The Executive Council of the Western Cape is the cabinet of the executive branch of the provincial government in the South African province of the Western Cape. The Members of the Executive Council (MECs) are appointed from among the members of the Western Cape Provincial Legislature by the Premier of the Western Cape, an office held since the 2019 general election by Alan Winde. The council is referred to as the Executive Council in the national Constitution, but is denoted the Provincial Cabinet of the Western Cape in the Western Cape Constitution.

Rasool premiership: 2004–2008 
Following his election as Premier in the 2004 general election, Ebrahim Rasool announced his new Provincial Cabinet on 30 April 2004. On 26 July 2005, he announced a reshuffle affecting three portfolios, in which two new Provincial Ministers were appointed – one incumbent, Chris Stali, was fired, and another, Mcebisi Skwatsha, had resigned to take up the full-time position of Provincial Secretary of the African National Congress (ANC).

Brown premiership: 2008–2009 
Lynne Brown was sworn in as Premier in July 2008 after the incumbent, Ebrahim Rasool, resigned at the request of the ANC, his political party. Later the same week, she announced a wide-ranging cabinet reshuffle in which four new provincial ministers were appointed and most others changed portfolios, leaving only one minister, Cobus Dowry, in his initial position. Brown fired two ministers who had been viewed as aligned to Rasool – Leonard Ramatlakane and Richard Dyantyi – and one of Rasool's other ministers, Tasneem Essop, had resigned in the aftermath of Rasool's own departure.

Zille premiership

First term: 2009–2014 
In May 2009, following her election in the 2009 general election, Premier Helen Zille announced her new Provincial Cabinet. In early September 2010, she announced her first reshuffle: only three portfolios were affected, but two ministers – Lennit Max and Sakkie Jenner – were fired from the cabinet. In the 2011 local government elections, Social Development Minister Patricia de Lille was elected Mayor of Cape Town; in a minor reshuffle on 29 May, Zille announced that de Lille would be replaced by Albert Fritz, who in turn would be replaced in the Community Safety portfolio by Dan Plato.

Second term: 2014–2019 
After her re-election in the 2014 general election, Zille announced her new Provincial Cabinet, to be sworn in on 26 May 2014; she appointed two new MECs, Nomafrench Mbombo and Debbie Schäfer, who had not served in the cabinet during her first term. On 31 December 2014, Zille announced that Mbombo, who until then served as Provincial Minister of Cultural Affairs and Sport, would swap portfolios with Health Minister Theuns Botha, effective from 1 January 2015. Botha resigned from the Executive Council in April 2015 and was replaced by Anroux Marais. Finally, on 19 October 2018, Zille announced that Alan Winde would become Provincial Minister of Community Safety, replacing Dan Plato, who in turn would succeed former Minister Patricia de Lille as Mayor of Cape Town; Beverley Schäfer was appointed to the cabinet to replace Winde in the renamed Economic Opportunities portfolio.

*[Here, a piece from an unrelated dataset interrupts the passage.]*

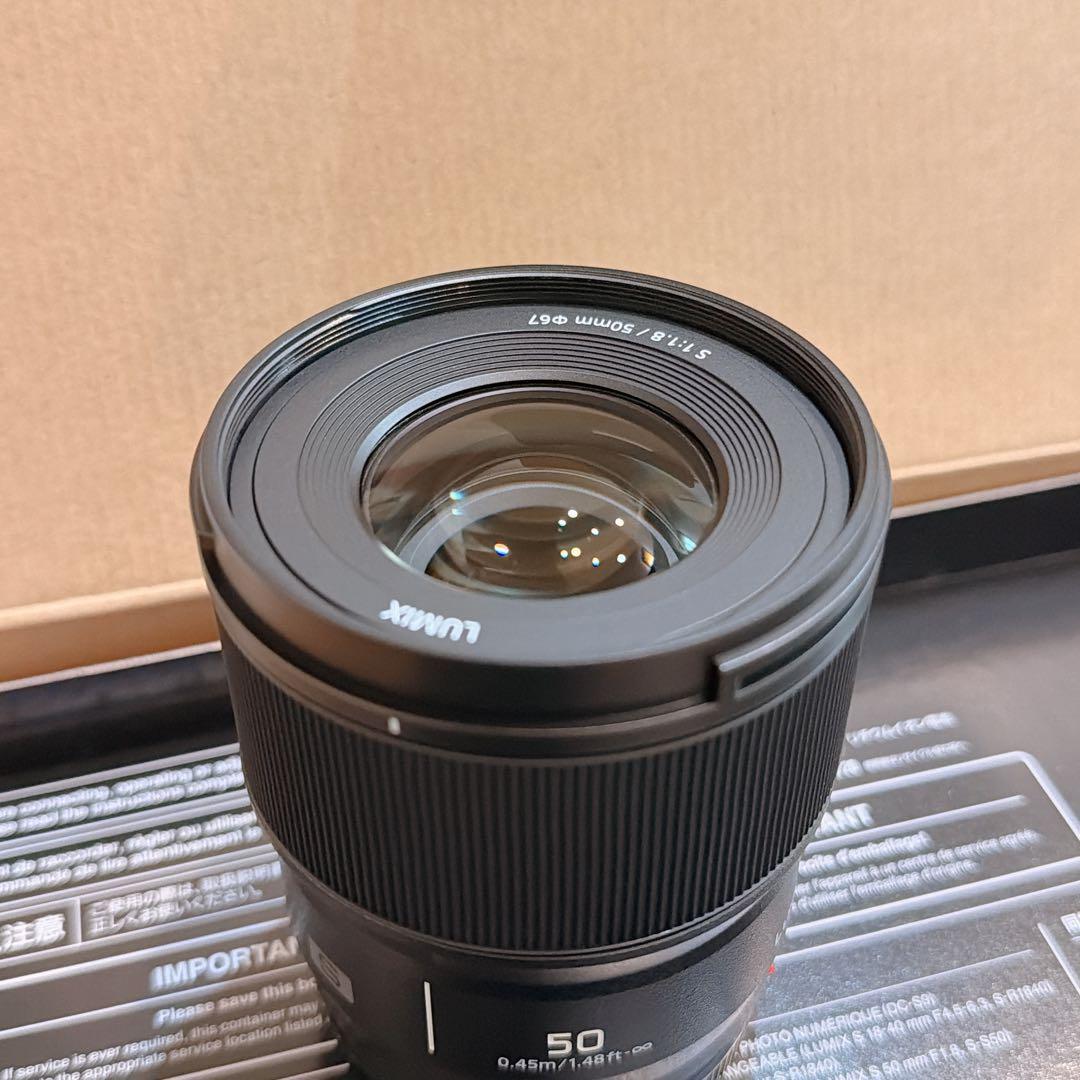 新品☆LUMIX S 50mm F1.8 S-S50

Winde premiership: 2019–present 
On 23 May 2019, following his election in the 2019 general election, Premier Alan Winde announced his new cabinet. On 24 May 2021, he appointed Daylin Mitchell as Provincial Minister for Transport and Public Works after the former incumbent, Bonginkosi Madikizela, resigned amid a qualifications fraud scandal. In early 2022, two vacancies arose in the cabinet after Albert Fritz was fired from the Community Safety portfolio and Debbie Schäfer resigned from the Education portfolio. On 22 April that year, Winde announced a reshuffle that would fill the vacancies and create two newly reconfigured portfolios, Mobility and Infrastructure. In February 2023, Winde appointed Ricardo Mackenzie as the Minister of Mobility after Daylin Mitchell was elected speaker of the Western Cape Provincial Parliament.